Auch in Deutsch­land hat­ten die Beschwer­de­ge­rich­te schon häu­fig die Fra­ge zu klä­ren, ob ein Rich­ter ein­ge­schla­fen ist und das Urteil des­halb auf­zu­he­ben ist, weil das Gericht nicht ord­nungs­ge­mäß besetzt war. Beson­ders häu­fig hat­te die­se Fra­ge der Bun­des­fi­nanz­hof (BFH) zu klä­ren. Nach Ansicht des BFH (zuletzt im Jahr 2011) rei­che es jedoch nicht aus, dass ein Rich­ter wäh­rend der münd­li­chen Ver­hand­lung immer wie­der die Augen geschlos­sen habe. Es sei viel­mehr ein „siche­res Anzei­chen“ wie Schnar­chen oder Her­un­ter­fal­len des Kop­fes erfor­der­lich, denn ein Rich­ter kann auch mit (vor­über­ge­hend) geschlos­se­nen Augen und geneig­tem Kopf der münd­li­chen Ver­hand­lung fol­gen. Aber selbst Anzei­chen für einen Sekun­den­schlaf las­sen nach dem BFH noch nicht dar­auf schlie­ßen, dass die geis­ti­ge Auf­nah­me des Gerichts des wesent­li­chen Inhalts der münd­li­chen Ver­hand­lung beein­träch­tigt sei. So sah es auch schon das Bun­des­ver­wal­tungs­ge­richt im Jahr 2001 in einem ähn­li­chen Fall. Im Jahr 2007 hin­ge­gen hat­te das Bun­des­ver­wal­tungs­ge­richt ein Urteil des Ver­wal­tungs­ge­richts Ber­lin auf­ge­ho­ben, weil ein Schöf­fe nach­weis­lich kon­ti­nu­ier­lich wie­der­keh­ren­de und mehr als nur weni­ge Sekun­den wäh­ren­de Zeit­räu­me geis­tig abwe­send war.

Da sich selbst Rich­ter nicht immer gegen über­mäch­tig wer­den­de Müdig­keit weh­ren kön­nen, ver­wun­dert es nicht, dass von den Arbeits­ge­rich­ten bei schla­fen­den Arbeit­neh­mern wäh­rend der Arbeits­zeit ein Auge zu gedrückt wird.
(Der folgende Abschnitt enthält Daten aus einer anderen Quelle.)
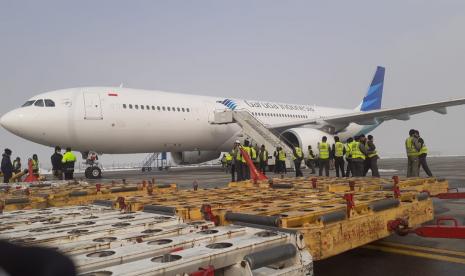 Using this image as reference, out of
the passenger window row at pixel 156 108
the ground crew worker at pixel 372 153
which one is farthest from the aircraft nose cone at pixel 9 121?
the ground crew worker at pixel 372 153

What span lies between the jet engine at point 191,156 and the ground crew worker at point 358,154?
13280 mm

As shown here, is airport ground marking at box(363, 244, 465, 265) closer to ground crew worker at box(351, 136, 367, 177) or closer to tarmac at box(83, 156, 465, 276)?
tarmac at box(83, 156, 465, 276)

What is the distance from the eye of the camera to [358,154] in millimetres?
12023

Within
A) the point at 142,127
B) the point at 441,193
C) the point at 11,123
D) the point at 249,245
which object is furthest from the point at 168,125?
the point at 249,245

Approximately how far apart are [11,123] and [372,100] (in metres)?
29.1

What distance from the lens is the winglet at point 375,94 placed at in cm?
3372

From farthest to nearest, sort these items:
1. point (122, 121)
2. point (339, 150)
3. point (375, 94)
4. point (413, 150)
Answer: point (375, 94)
point (122, 121)
point (339, 150)
point (413, 150)

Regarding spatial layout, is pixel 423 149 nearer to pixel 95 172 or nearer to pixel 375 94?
pixel 95 172

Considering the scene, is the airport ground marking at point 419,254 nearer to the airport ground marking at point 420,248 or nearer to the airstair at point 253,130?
the airport ground marking at point 420,248

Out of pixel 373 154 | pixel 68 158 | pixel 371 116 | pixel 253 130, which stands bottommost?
pixel 373 154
So konn­te vor dem Lan­des­ar­beits­ge­richt Hamm der ein­ma­li­ge Schlaf eines Arbeit­neh­mers auf der Betriebs­toi­let­te kei­ne Kün­di­gung recht­fer­tig­ten. In einem ande­ren Fall hiel­te das Lan­des­ar­beits­ge­richt Baden-Würt­tem­berg eine Kün­di­gung nicht für gerecht­fer­tigt, wenn ein Arbeit­neh­mer eine Vier­tel­stun­de sei­ner Arbeits­zeit mit geschlos­se­nen Augen auf dem zurück geklapp­ten Fah­rer­sit­zes des LKWs sei­nes Arbeit­ge­bers ver­bringt.